Reputation: 2749
I have about 130,000 SIFT descriptors. I am building a hierarchical Kmeans-index using Opencv's flann module. After this I want to quantize these 130,000 descriptors (will quantize more later). I am using flann's knnsearch method for doing this. But the result of this method is something weird. For every descriptor the nearest index it is showing is the index of the descriptor itself. However, it should be displaying the cluster-ID of the nearest cluster which will be one of the leaves of the HIK-tree.
Should I try k=2
Here is a code snippet -
int k=1;
cv::flann::KMeansIndexParams indexParams(8,4,cvflann::FLANN_CENTERS_KMEANSPP) ;
cv::flann::Index hik_tree(cluster_data, indexParams);
Mat indices,dist;
hik_tree.knnSearch(cluster_data, indices, dist, k, cv::flann::SearchParams(64));
Upvotes: 0
Views: 1778
Reputation: 169
k-NN is a supervised classification algorithm, that's why you are supposed to construct an Index
object with your training samples, so use
cv::flann::Index hik_tree(samples, indexParams);
instead of
cv::flann::Index hik_tree(cluster_data, indexParams);
Upvotes: 0
Reputation: 8053
knnSearch
is looking for the k-nearest neighbours in the index (it does not give the cluster-ID!). You build your index using cluster_data
, and then you try to match cluster_data
against itself. In this situation, it is not surprising that the closest neighbour to each descriptor is itself...
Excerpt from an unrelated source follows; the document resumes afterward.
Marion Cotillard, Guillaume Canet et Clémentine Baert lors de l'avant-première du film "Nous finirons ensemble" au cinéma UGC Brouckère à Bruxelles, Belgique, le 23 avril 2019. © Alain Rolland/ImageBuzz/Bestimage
EDIT: If you want to get the centers, have a look at this (from the source of the FLANN library):
/**
* Chooses the initial centers using the algorithm proposed in the KMeans++ paper:
* Arthur, David; Vassilvitskii, Sergei - k-means++: The Advantages of Careful Seeding
*/
template <typename Distance>
class KMeansppCenterChooser : public CenterChooser<Distance>
{
...
Upvotes: 2